[THE TASK]: Output each line of the listing exactly, though pictures are not to appear.

[STORED DATA]:
----

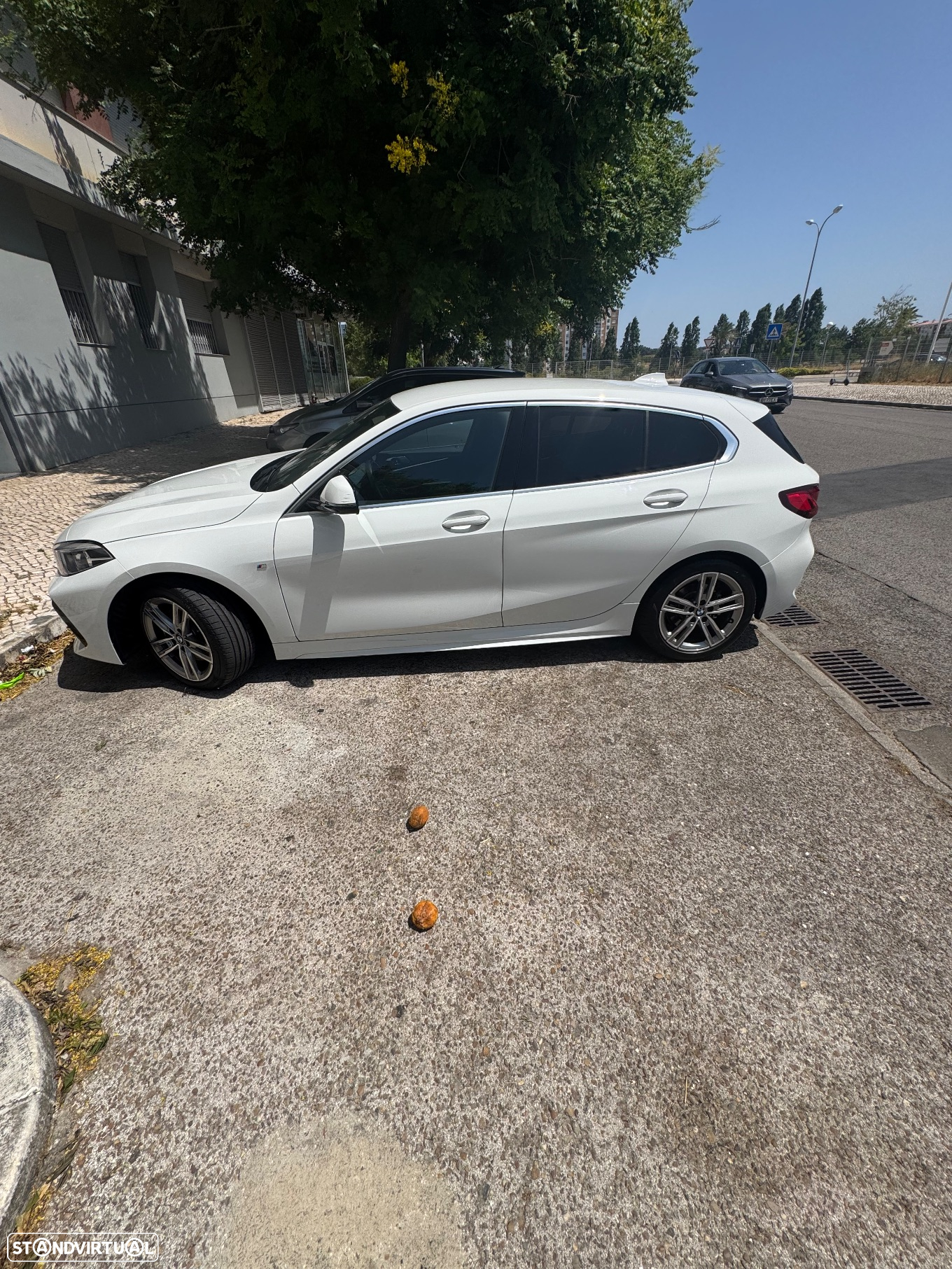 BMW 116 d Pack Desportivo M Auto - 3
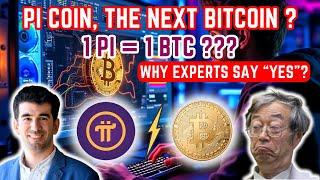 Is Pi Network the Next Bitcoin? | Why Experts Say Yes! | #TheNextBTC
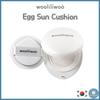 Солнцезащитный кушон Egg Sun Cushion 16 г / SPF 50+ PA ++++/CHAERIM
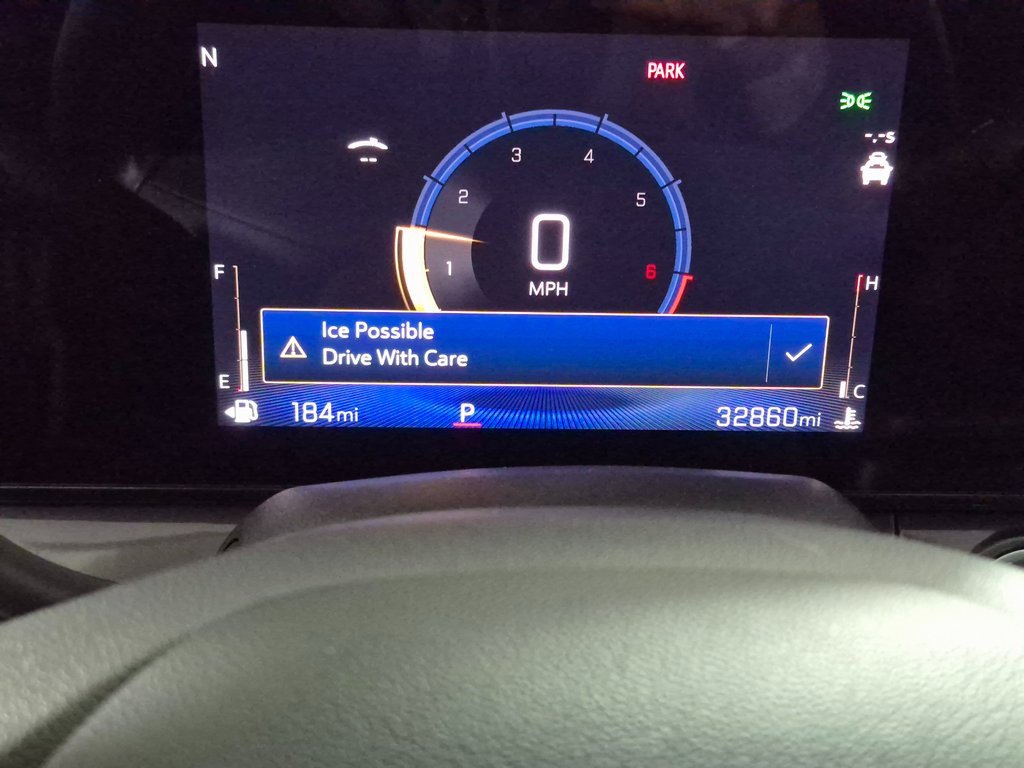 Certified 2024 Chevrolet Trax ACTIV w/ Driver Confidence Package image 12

----

[EXPECTED ANSWER]:
 BMW 116 d Pack Desportivo M Auto - 3
 Is Pi Network the Next Bitcoin? | Why Experts Say Yes! | #TheNextBTC
 Солнцезащитный кушон Egg Sun Cushion 16 г / SPF 50+ PA ++++/CHAERIM
 Certified 2024 Chevrolet Trax ACTIV w/ Driver Confidence Package image 12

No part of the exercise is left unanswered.